Only certain lines below are wanted: those starting at the line containing "Problems of Point Blast Theory - Hardcover" and ending at the line containing "Stump Grinding Highlands", both included, each retyped exactly.

| TASK INPUT |
····················
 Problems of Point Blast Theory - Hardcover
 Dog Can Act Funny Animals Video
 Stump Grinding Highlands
····················
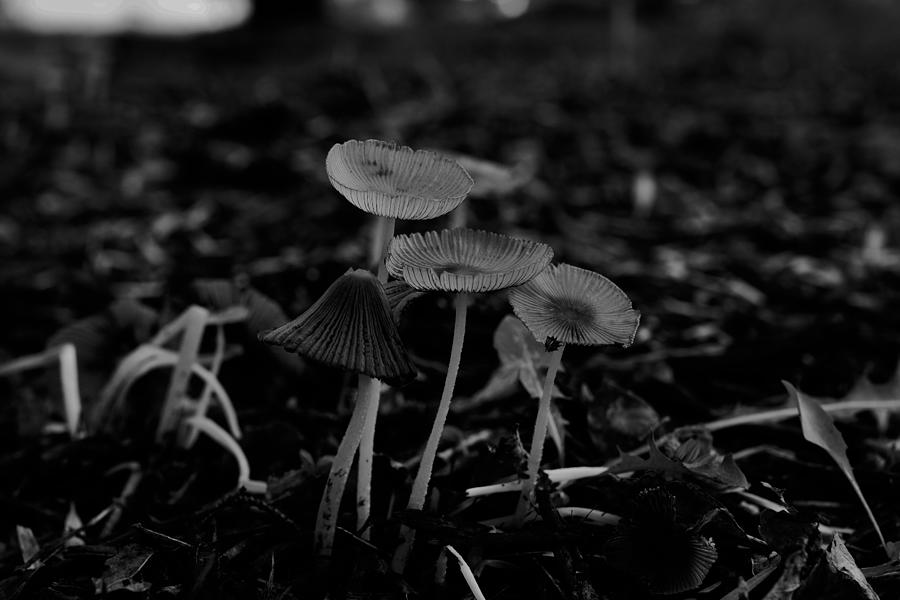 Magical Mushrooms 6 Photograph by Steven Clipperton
····················
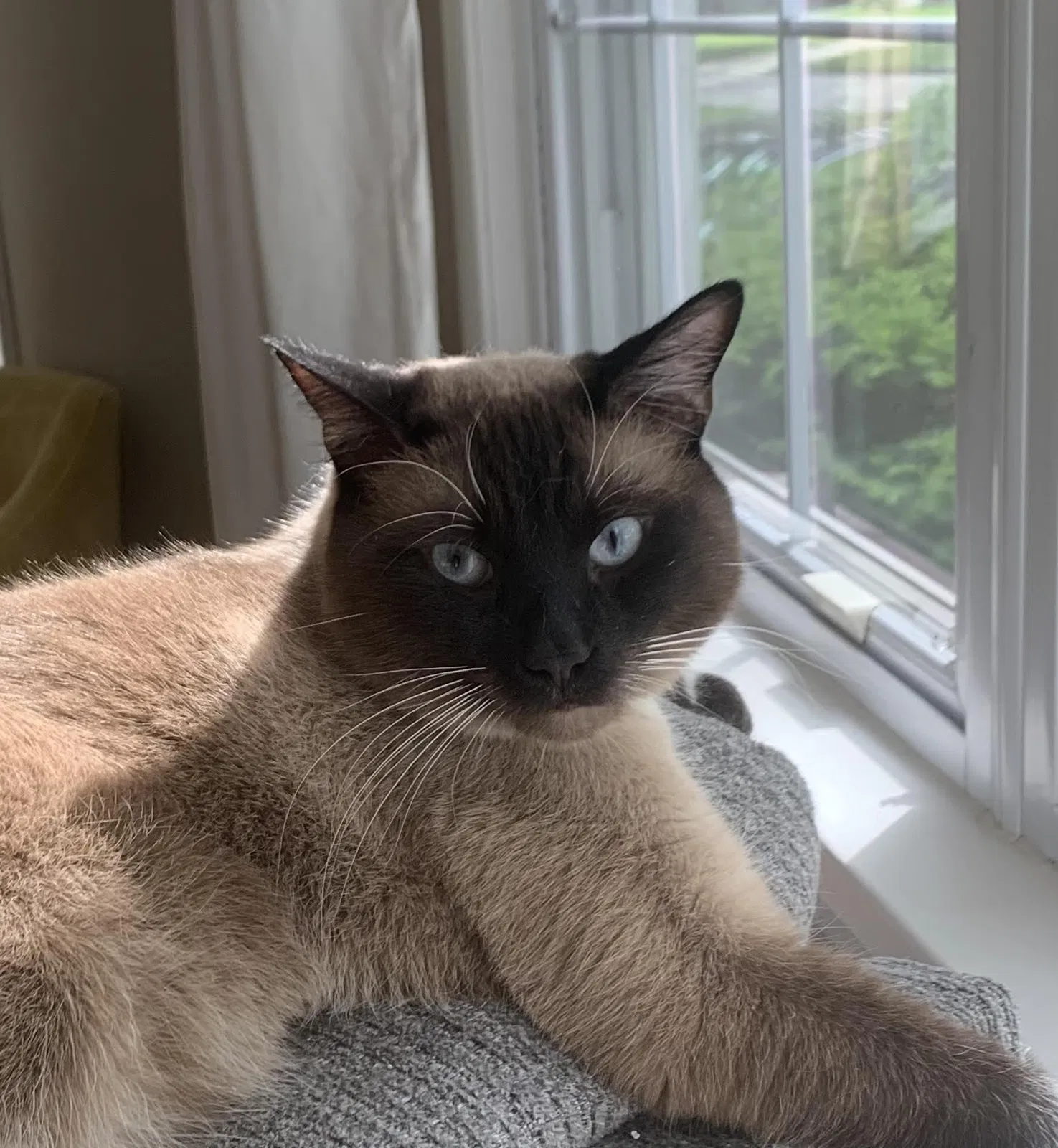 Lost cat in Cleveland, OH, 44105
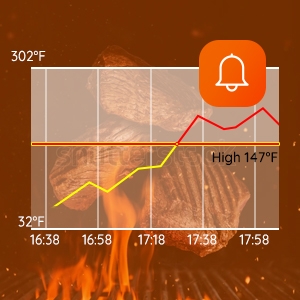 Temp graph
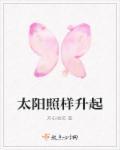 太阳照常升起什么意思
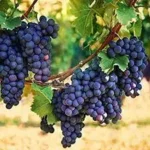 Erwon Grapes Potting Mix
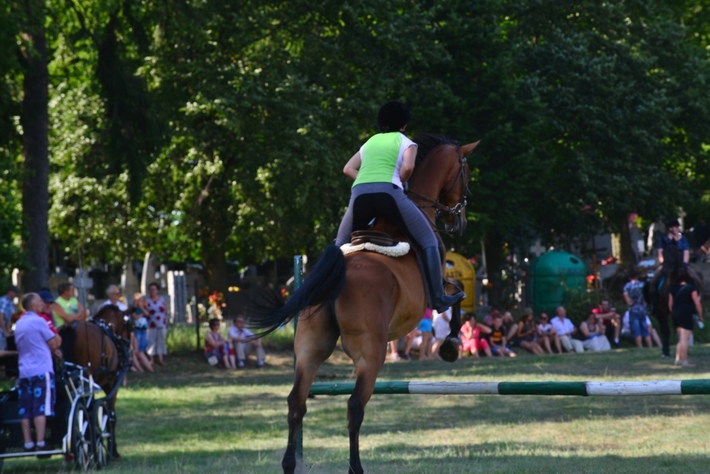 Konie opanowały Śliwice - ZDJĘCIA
····················
| RESULT |
 Problems of Point Blast Theory - Hardcover
 Dog Can Act Funny Animals Video
 Stump Grinding Highlands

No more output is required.